Coming back to your question, depending on what partition you look at, there are vectors to consider which are very different from the traditional mobile space. Even more so for open source software.. Some vectors are process oriented - things like conforming to ISO26262 software development methodologies, quality management, rigorous specification etc. Others are feature oriented - modular system software architecture (monolithic operating system kernels are not the norm), composability (the ability to knit together a very precise set of system software features into the system software stack), security architecture (the ability to control communication and capability across system software module by way of explicit authorisation), isolation (drivers as user-space processes, rich OS’s in VMs etc).

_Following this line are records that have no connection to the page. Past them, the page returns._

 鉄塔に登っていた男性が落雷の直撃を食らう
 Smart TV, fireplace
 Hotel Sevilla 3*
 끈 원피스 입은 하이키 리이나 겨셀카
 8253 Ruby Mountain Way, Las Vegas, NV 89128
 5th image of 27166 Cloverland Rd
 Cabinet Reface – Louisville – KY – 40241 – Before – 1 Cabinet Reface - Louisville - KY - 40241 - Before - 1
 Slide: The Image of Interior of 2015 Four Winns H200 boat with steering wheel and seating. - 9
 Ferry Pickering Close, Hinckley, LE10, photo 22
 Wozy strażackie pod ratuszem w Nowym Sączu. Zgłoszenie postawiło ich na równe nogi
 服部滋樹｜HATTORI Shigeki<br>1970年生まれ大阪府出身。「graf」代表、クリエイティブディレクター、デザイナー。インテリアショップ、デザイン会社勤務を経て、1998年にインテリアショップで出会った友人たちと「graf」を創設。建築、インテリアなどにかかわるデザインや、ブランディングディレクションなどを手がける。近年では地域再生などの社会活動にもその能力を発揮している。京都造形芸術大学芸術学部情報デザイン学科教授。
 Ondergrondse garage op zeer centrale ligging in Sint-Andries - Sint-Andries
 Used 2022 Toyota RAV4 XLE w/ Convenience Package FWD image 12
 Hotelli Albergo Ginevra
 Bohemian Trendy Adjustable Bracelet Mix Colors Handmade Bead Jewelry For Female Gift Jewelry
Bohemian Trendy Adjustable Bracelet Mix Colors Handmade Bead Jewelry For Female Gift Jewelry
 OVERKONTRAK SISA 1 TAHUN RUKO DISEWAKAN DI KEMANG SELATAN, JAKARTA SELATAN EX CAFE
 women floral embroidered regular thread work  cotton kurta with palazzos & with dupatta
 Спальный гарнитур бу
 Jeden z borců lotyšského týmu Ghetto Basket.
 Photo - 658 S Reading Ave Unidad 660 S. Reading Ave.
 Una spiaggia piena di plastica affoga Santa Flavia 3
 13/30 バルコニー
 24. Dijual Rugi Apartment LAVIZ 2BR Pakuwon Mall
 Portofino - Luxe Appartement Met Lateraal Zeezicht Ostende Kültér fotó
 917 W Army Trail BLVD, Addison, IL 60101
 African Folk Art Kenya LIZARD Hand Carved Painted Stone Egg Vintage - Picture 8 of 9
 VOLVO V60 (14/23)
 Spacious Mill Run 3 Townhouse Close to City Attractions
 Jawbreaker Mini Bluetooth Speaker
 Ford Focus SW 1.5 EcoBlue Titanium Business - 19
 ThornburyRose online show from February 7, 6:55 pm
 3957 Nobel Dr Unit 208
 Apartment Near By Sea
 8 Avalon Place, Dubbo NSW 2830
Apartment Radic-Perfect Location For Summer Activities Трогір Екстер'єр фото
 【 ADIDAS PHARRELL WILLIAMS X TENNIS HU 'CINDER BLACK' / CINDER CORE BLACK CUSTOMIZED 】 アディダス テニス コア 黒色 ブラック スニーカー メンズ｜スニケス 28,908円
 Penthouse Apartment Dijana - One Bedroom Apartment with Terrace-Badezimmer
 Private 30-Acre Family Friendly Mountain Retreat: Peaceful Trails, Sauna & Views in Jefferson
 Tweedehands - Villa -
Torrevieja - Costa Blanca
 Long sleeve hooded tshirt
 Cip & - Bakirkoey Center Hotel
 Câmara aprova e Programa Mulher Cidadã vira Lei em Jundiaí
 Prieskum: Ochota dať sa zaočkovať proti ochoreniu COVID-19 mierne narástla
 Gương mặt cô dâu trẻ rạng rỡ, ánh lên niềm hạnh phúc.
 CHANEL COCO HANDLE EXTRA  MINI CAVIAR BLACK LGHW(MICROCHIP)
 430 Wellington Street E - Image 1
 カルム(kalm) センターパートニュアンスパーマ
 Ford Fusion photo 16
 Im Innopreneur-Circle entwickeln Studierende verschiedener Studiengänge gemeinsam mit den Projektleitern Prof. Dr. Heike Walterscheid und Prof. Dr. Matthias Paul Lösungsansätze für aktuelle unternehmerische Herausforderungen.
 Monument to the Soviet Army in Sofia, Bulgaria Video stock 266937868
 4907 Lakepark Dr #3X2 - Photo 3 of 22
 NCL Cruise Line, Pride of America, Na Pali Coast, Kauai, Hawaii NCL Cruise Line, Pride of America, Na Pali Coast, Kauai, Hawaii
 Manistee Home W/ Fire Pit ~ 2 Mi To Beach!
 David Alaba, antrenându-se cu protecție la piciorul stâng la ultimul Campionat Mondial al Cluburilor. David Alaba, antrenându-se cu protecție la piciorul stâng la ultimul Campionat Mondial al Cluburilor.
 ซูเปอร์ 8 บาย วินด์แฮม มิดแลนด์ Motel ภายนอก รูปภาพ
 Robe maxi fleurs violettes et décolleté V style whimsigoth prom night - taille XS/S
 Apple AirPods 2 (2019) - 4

DR: We often hear about stringent software development requirements for the Automotive space. I think that in some cases it is possible to reconcile some open source software with automotive’s strict safety and reliability requirements. First of all the inefficient way to include open source code bases is not to freeze them in time, put them through a certification process and maintain them for 20 years. You instantly lose the benefit of the latest reliable and secure as possible releases. On the other hand, the free for all unmanaged code base will not work for anything other than entertainment systems. There has to be a well organised maintainership that manages the flow of patches and features into the code base. A small code base also helps. That way, it is feasible to have a continuously certifiable software component. A good example of this might be an L4 microkernel. These are sufficiently small and well managed that they could be used within a vehicle’s systems.
This brings me to my next question. A car is a mixture of safety critical and non-safety critical software, both proprietary and open source. How do we combine these in a vehicle?
RR: From a systems software standpoint, this is where the use of fault tolerant microkernels with virtualization capability comes in. So you have the ability to reduce the LoC of the most critical software and the reliance on MMUs and Virtualization to sandbox device drivers (a significant source of faults), and increase the utilization of the silicon by safely co-locating low and high SIL software components etc.
DR: Robin, thank you for being interviewed, I think that this interview goes a long way towards explaining where open source fits in vehicles, now and an a little bit of our thinking about the future. Robin will be at Linaro’s Hong Kong Connect (HKG18) later this year in March. If you are there, he is always worth talking to. Speaking of HKG18, there is a strong Automotive presence there, especially on Ecosystem Day, which is the Wednesday of the event.